Let us know how it ends!


----------



## Pimzedd (Jan 22, 2007)

+1 to kaerlighedsbamsen Use a syringe, the larger the better. I got some from a vet supply. Use the 24 hr. cure time epoxy.


----------



## bondogaposis (Dec 18, 2011)

For one I would use a slower curing epoxy, like one hour cure, that way you can take your time. Haste makes waste as they say.

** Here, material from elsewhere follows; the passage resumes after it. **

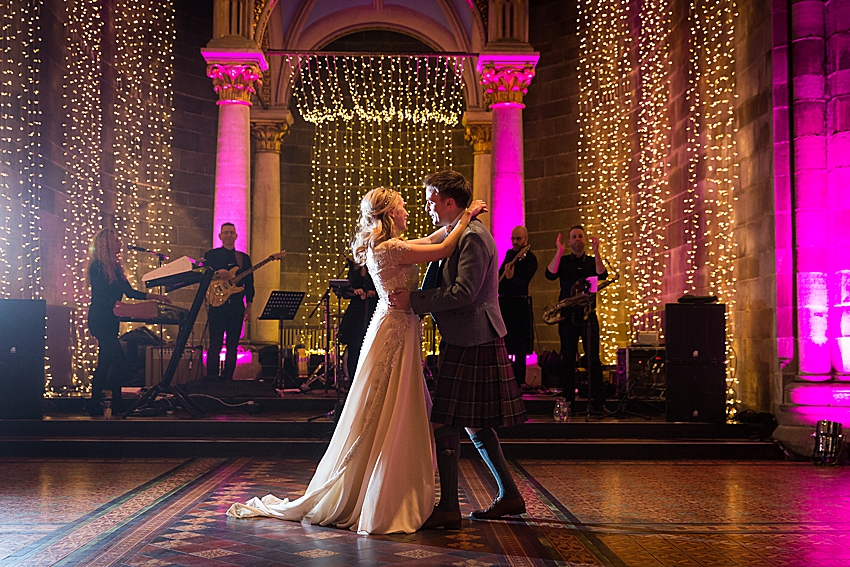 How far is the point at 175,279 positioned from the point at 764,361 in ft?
17.6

You could apply the epoxy to the bracket and the pins before inserting, that would be the easiest way to get the epoxy into the slot.


----------



## daddywoofdawg (Feb 1, 2014)

does the slot go all the way though?if so,place the shop vac hose under the slot,pour the epoxy in the top of the slot,the vacuum pulls the epoxy down. once it starts flowing turn the vac off or remove the hose.


----------



## daddywoofdawg (Feb 1, 2014)

does the slot go all the way though?if so,place the shop vac hose under the slot,pour the epoxy in the top of the slot,the vacuum pulls the epoxy down. once it starts flowing turn the vac off or remove the hose.


----------



## Finn (May 26, 2010)

You could use a finishing resin like "Z-poxy". It is a thin slow curing epoxy. It will flow right through a crack if it is open on the bottom. I use it to fill cracks in knots in red cedar. I put masking tape on the bottom of the crack to prevent the Z-poxy from running out.


----------



## woodchuckerNJ (Dec 4, 2013)

slower cure , and if not, try a hair dryer. blowing hot air will thin it, but make it harden quicker.
if you get it to run real nicely (heat), it will easily do what you want.


----------



## shipwright (Sep 27, 2010)

Don't use fast cure epoxy. It doesn't have anywhere near the strength of the real thing.
If I were doing it, I would use a full cure epoxy (24 hour), thicken it to a smooth putty with an anti-sag additive like micro fibres, and place it with a plastic bag like this.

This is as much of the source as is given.